I also met another collector of madonnas and we had a conversation about why we collect them and what they mean and how Mary is beautifully subversive because she belongs to everyone and people have their own relationships with her, and we discussed the pros and cons of scattering one’s BVM collection all over the house or grouping them together.

Tracy and I went to dinner that night.

I was lavished, all day, with gifts and messages and love, and by the end of the day, instead of sadness, I just felt overwhelmed with love and gratitude for my people.

My thoughts turned to how my great grandmother Bess was born on February 14, I was born on February 15, and my great grandmother Cora was born on February 16.

No one talked about this when I was growing up, so it’s always just been a fact that floats around somewhere in the back of my consciousness. This year, it seemed deeply meaningful to me.

I am a person who looks for patterns and signs, who looks for meaning in everything, and suddenly it seemed to me, there must be great meaning in this line-up.

Both of my great-grandmothers died shortly after I was born. I remember Cora and remember being at her house, but I don’t remember Bess (who is known in my family as Grandma.)

I know them both only through the stories my mother and grandmother tell.

And I know that Cora Bess was almost my name, until my mother had a sudden last minute change of heart.

The next day at church was our commemoration of Absalom Jones.

Everett McCorvey conducted members of the American Spiritual Ensemble, who joined our choir.

It was amazing.

Amazing.

And I walked home having felt the Holy Spirit move.

Since my birthday fell on the Saturday of a three-day weekend this year, I decided to extend my celebrations on into Sunday, so after church, Tracy and I had lunch at Blue Sushi.

This broke our keep-our-eating-and-entertaining-dollars-downtown rule, but none of the downtown sushi restaurants are open on Sunday, and Blue Sushi has this delicious crispy brussels sprouts dish and a jasmine tea that I love.

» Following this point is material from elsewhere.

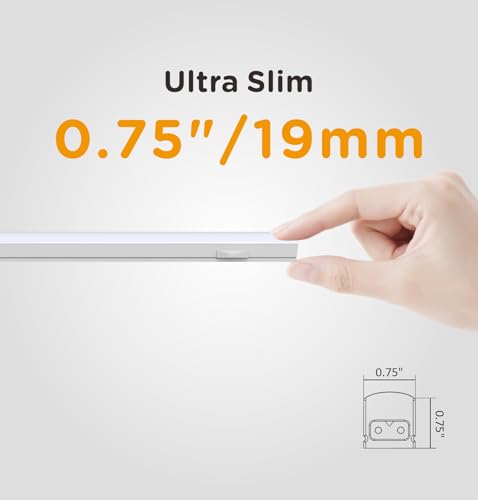 Under Cabinet Lighting Plug in AC120V 3CCT 3000/4000/5000K,Super Bright,Linkable Under Counter Lights for Kitchen,Ultra Slim LED Cabinet Light for Closet,Shelf,Sink,ETL Listed(16inch,White,1Pack)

Plus, it’s next to the Whole Foods, so we picked up some food from the hot bar for dinner and I grabbed some currents and tropical berries that I can’t get at Kroger.

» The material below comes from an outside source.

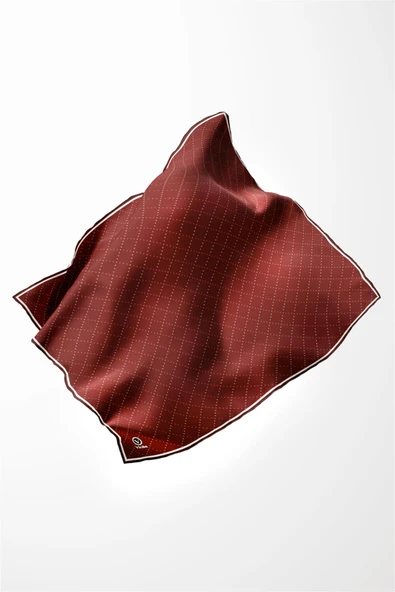 Twill Noktalı V Desenli Bordo Renkli 90x90 Eşarp (İpek İçermez) Kenar Dikiş Şekli El Dikişli - Resim 4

That afternoon, Rocky and I snuggled up and watched Close Encounters of the Third Kind. (Rocky slept through most of it) and I realized how deeply I needed those couple of days off of work.

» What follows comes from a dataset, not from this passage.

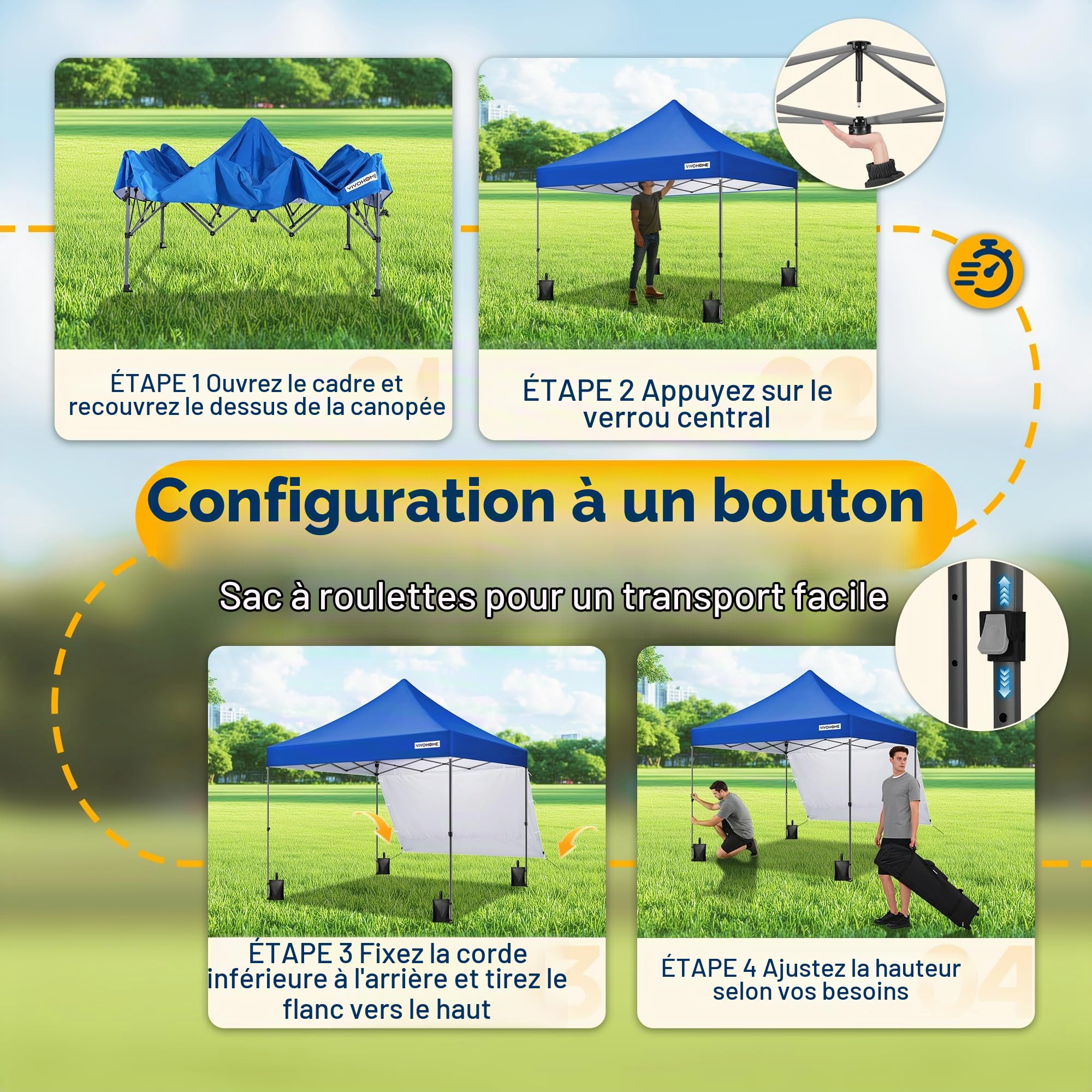 VIVOHOME 3x3m Tonnelle Pliante Extérieur avec Panneau Latéral Oxford 150D | Tente de Jardin Imperméable Structure Acier Réglable Protection UPF 50+, Housse à Roulettes pour Camping Fêtes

Even though my work is work of my own design, even though my work is my passion and I love it intensely, I need a break every now and then - a sense of being removed from things.

Honestly, I feel exhausted from putting forth great effort with very little result, and even as I type those words I know that I am the vessel for energetic flow, and as such, I am the only one who can shift that feeling.

And I know that as it is with every single thing, the answer is love and surrender.

Love and surrender.

Age is a construct.

This I know.

But I am someone who often feels I have one foot in one world, one foot in another. I vacillate between realities - experience the density and limitations of one, the freedom and expansion of the other.

So simultaneously I experience that the number has no meaning and that the number has meaning.

Life right now feels fast in the micro - a busy schedule, a lot of moving pieces, not enough down time - while feeling slow to stopped on the macro - lack of accomplishment, lack of movement.

My heart, as it always has, spends too much time in longing for things I have not experienced, wish to experience, will never experience.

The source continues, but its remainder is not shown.